◆ INFORMATION SUPPLIED:
^^^^

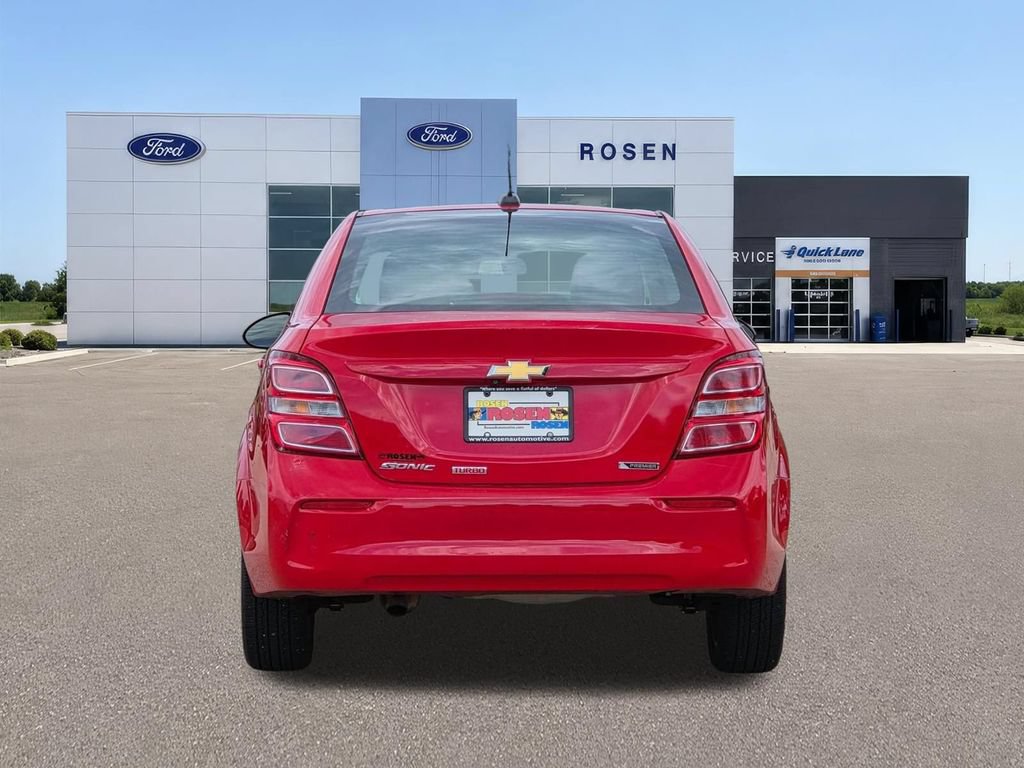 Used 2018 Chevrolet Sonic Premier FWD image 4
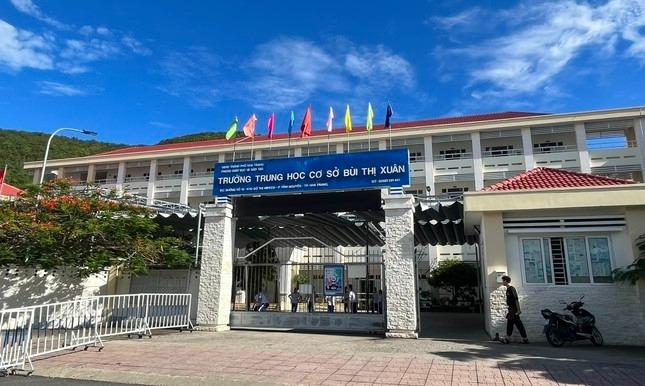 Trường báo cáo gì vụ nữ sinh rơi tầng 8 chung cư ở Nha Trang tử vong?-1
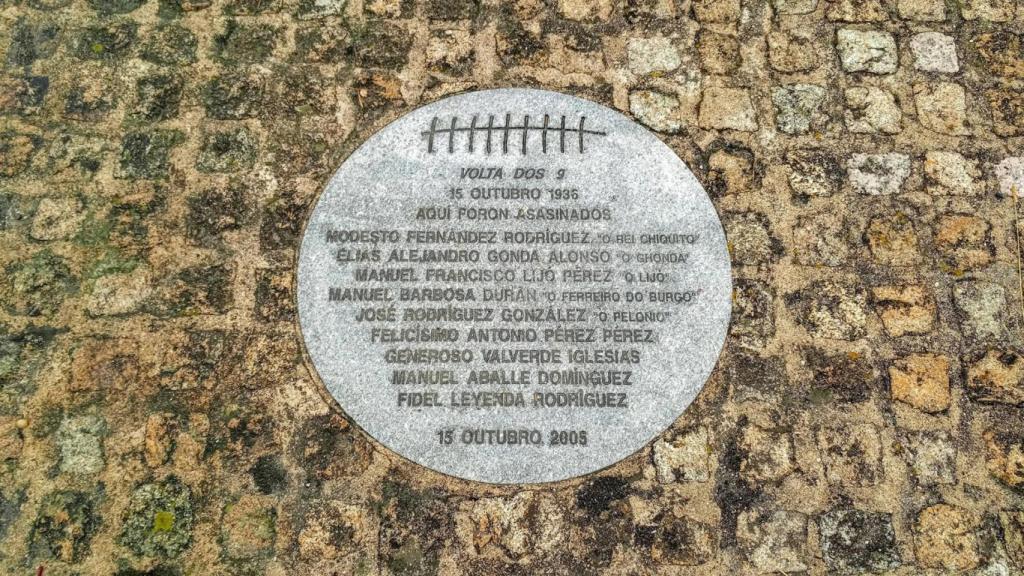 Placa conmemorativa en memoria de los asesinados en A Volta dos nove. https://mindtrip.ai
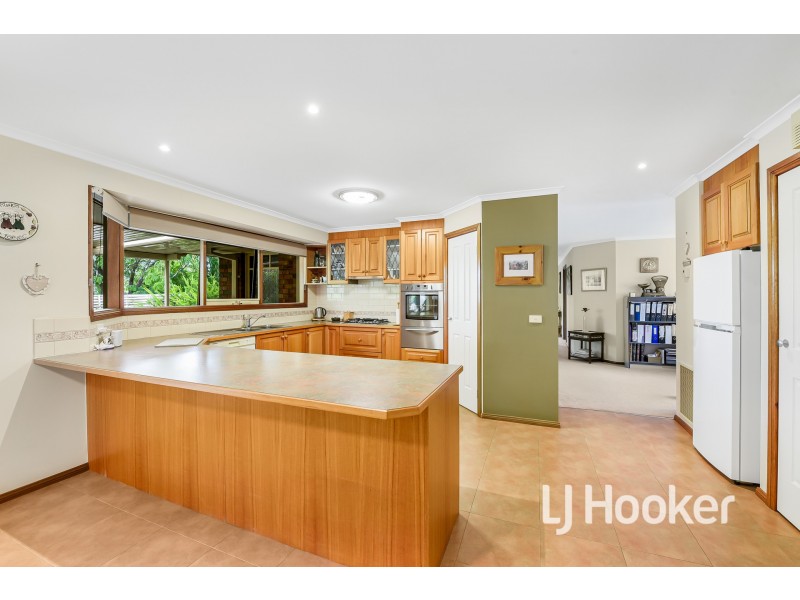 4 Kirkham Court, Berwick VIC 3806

^^^^

◆ WHAT YOU NEED TO DO: Word for word, print all of the data; skip the pictures.

◆ ANSWER SPACE:
 Used 2018 Chevrolet Sonic Premier FWD image 4
 Trường báo cáo gì vụ nữ sinh rơi tầng 8 chung cư ở Nha Trang tử vong?-1
 Placa conmemorativa en memoria de los asesinados en A Volta dos nove. https://mindtrip.ai
 4 Kirkham Court, Berwick VIC 3806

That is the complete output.